Und in diesem Augenblick, am 29. April, durchschreitet Jeanne d´Arc – in ihrem achtzehnten Frühling die burgundische Pforte in Begleitung ihrer Krieger und des »Bastards« von Orléans, des zukünftigen Karl VII., den sie mit einer sensationellen Geschichte über ihre himmlische Mission einzuwickeln wußte. Wie dem auch sei, ist die Kleine ganz schön mutig. Sie wirft dem Aggressor ein Ultimatum an den Kopf »Gott, der himmlische König, hat mich hierher gesandt, und ich werde euch allesamt aus Frankreich vertreiben« und spendet den Bewohnern der Stadt neuen Mut. Gegen den Willen der Verantwortlichen vor Ort greift sie wiederholt den Feind an, das weiße Banner im Wind. Jedesmal trägt sie den Sieg davon, wird aber eines Tages von einer Armbrust an der Schulter getroffen. Die Engländer schöpfen wieder Hoffnung, die Franzosen sind kurz davor, aufzugeben. Vergessen wir aber nicht: gleich Achilles, dem die Götter im Kampf gegen Troja beistehen, ist auch Jeanne d´Arc kein jedermann.
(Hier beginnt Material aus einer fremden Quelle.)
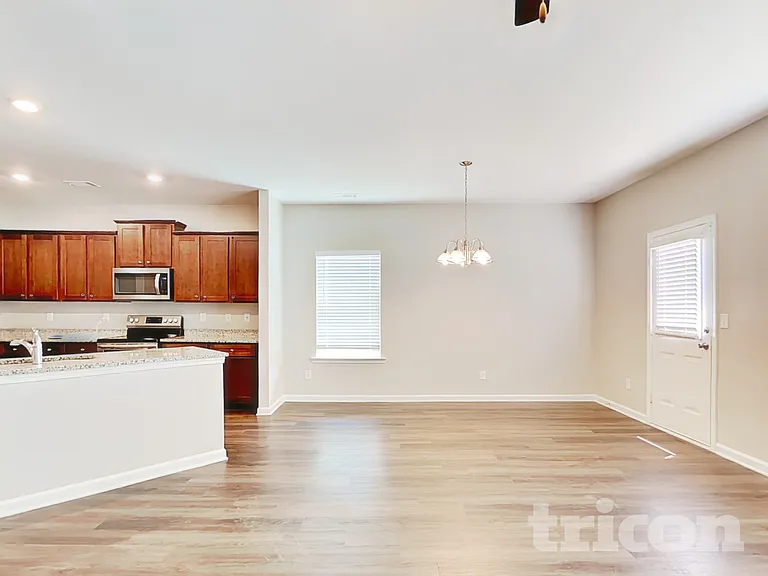109 Innis Brook Cir — Photo 4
Ein Schlag Quecksilberchrom zum Desinfizieren, und schon sitzt sie wieder auf ihrem treuen Streitroß, das Banner in der Hand. Und das Wunder geschieht: am nächsten Tag, Sonntag, dem achten Mai, packen die geschlagenen Engländer ein und kehren nach Hause zurück.
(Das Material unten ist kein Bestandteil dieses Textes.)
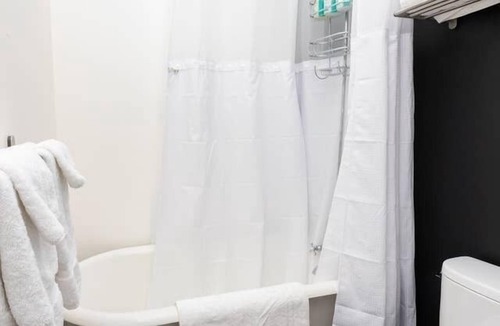 Northeast Edmonton Apartment | Sparkling Clean Comfortable Oasis in Highlands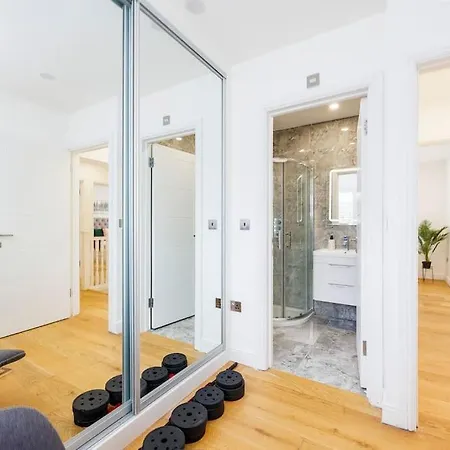 5 Bedroom Home, London, Games , Pool Table , Air Hockey Weekly & Monthly Offers With Free Parking Apartment London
Jeanne gibt sich hiermit nicht zufrieden: sie erobert, eine nach der anderen, sämtliche Städte an der Loire und trägt am achtzehnten Juni in Patay ihren letzten Sieg davon. Einen Monat später weht ihr Federbusch – nein, natürlich ihr weißes Banner – in der Kathedrale von Reims über dem endlich gekrönten Haupt des Bastards, der wieder seinem Land gehört.